In the first week of April, five researchers will be in Lund as visiting scholars: Barbara Hof (Zurich), Laura Loporcaro (Ghent), Ann-Sophie Levidis (Australian National University), Floris Solleveld (Bristol/Amsterdam) and Daniel Töpper (Berlin). They have been selected in fierce competition to be part of the LUCK’s International Visiting Fellowship Programme. During their stay in Lund, they will present their research and interact with local researchers.

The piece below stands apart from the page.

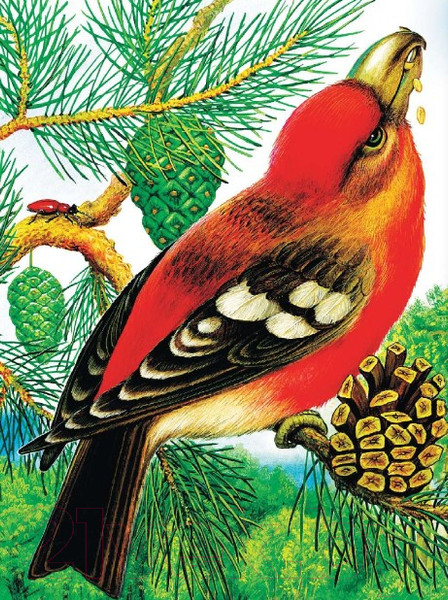 Изображение товара Книга АСТ Чей нос лучше? Сказки (Бианки В.В.)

Read more about the visiting fellows:
Barbara Hof is a postdoctoral researcher at the University of Lausanne and a guest lecturer at the Leuphana University Lüneburg. She joins LUCK to write the conclusion of her first book. It will contribute to the scholarly discussion of the origins of the knowledge society. Specifically, it focuses on the transatlantic transfer of knowledge through training programs in the nuclear energy field during the first two decades of the Cold War. Thematically, her publications cover a variety of topics, including the histories of particle physics, fusion science, computing, artificial intelligence, and science activism.
Ann-Sophie Levidis is an Assistant Professor at the College of Arts and Social Sciences, Australian National University (ANU). Her prior engagements include positions at the Paris Institute of Political Studies, Harvard University and the University of Hitotsubashi. Her academic focus is the history of modern France. She received the Jean-Baptiste Duroselle Prize in the History of International Relations and the Seal of Excellence of the European Council. Her work has been published in peer-reviewed journals and edited volumes. Her first monograph, The Saigon Trials, The End of World War II in Asia and the French Diplomatie in Asia, will be forthcoming at Cambridge University Press. At the ANU, she started a new monograph on the production of knowledge in the transnational grassroots movement against French nuclear testing in the Pacific.

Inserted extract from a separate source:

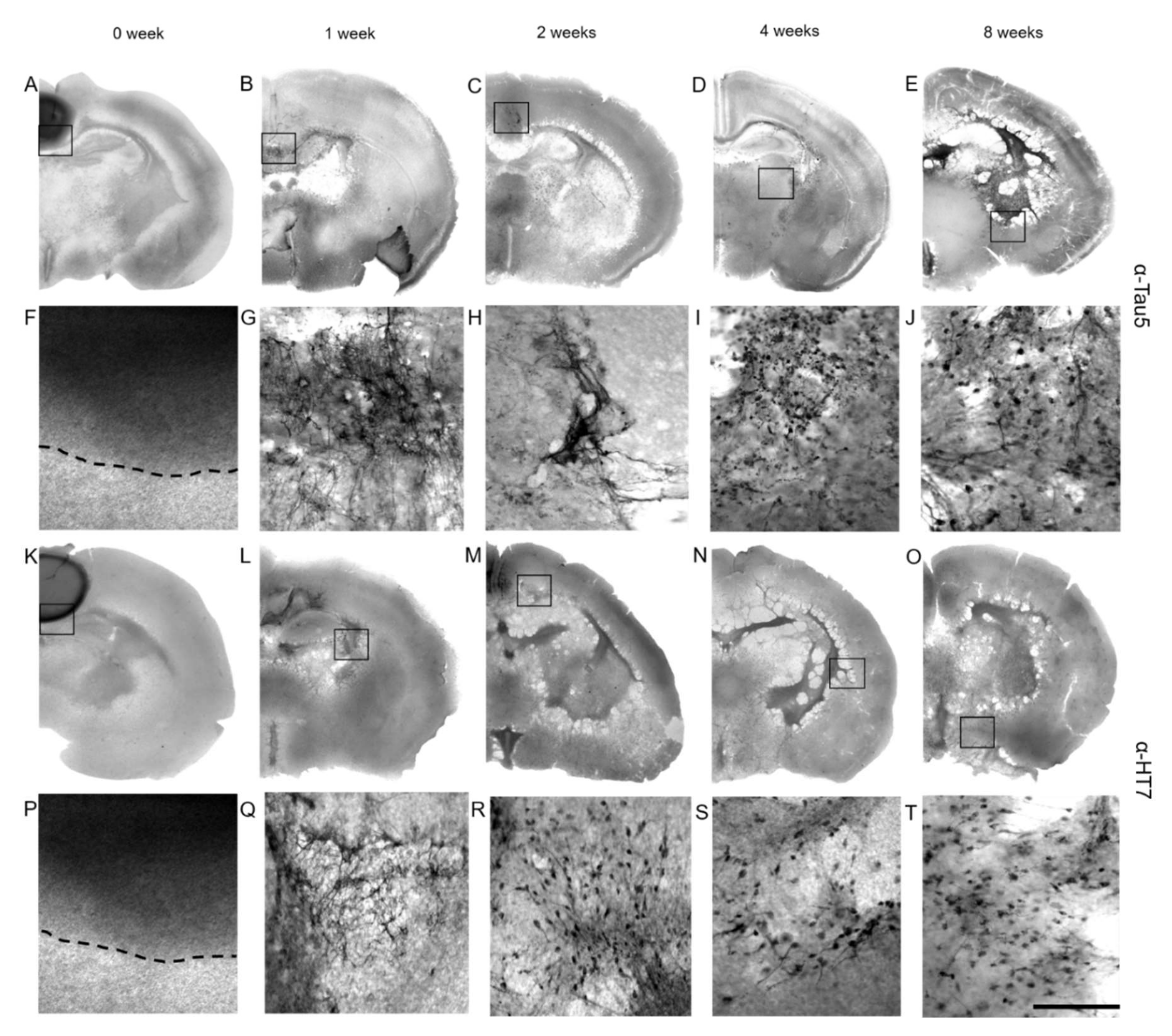 Biomolecules 12 01164 g005 Biomolecules 12 01164 g005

Laura Loporcaro is a postdoctoral researcher at Ghent University. A classicist by training (DPhil Oxon 2022), she currently works on the history of classical philology in early 19th-century Germany as part of the ERC project Philology as Science in 19th-Century Europe. She is particularly interested in the position of Latin during that period, in questions of (dis)continuity in philological practice, and in processes of canon-building in the history of knowledge, topics she approaches through the figure of Friedrich August Wolf (1759–1824). An article demonstrating the forgotten substratum of Latin learning in Wolf’s epoch-making philhellenist essay Darstellung der Alterthums-Wissenschaft recently appeared in the Classical Receptions Journal (17, nr. 1), and her first book, Reading Quintilian. Didactic Authority in the Institutio oratoria, was published with Oxford University Press in February 2025. In Lund, she will be engaging with Wolf’s scholarship on Cicero.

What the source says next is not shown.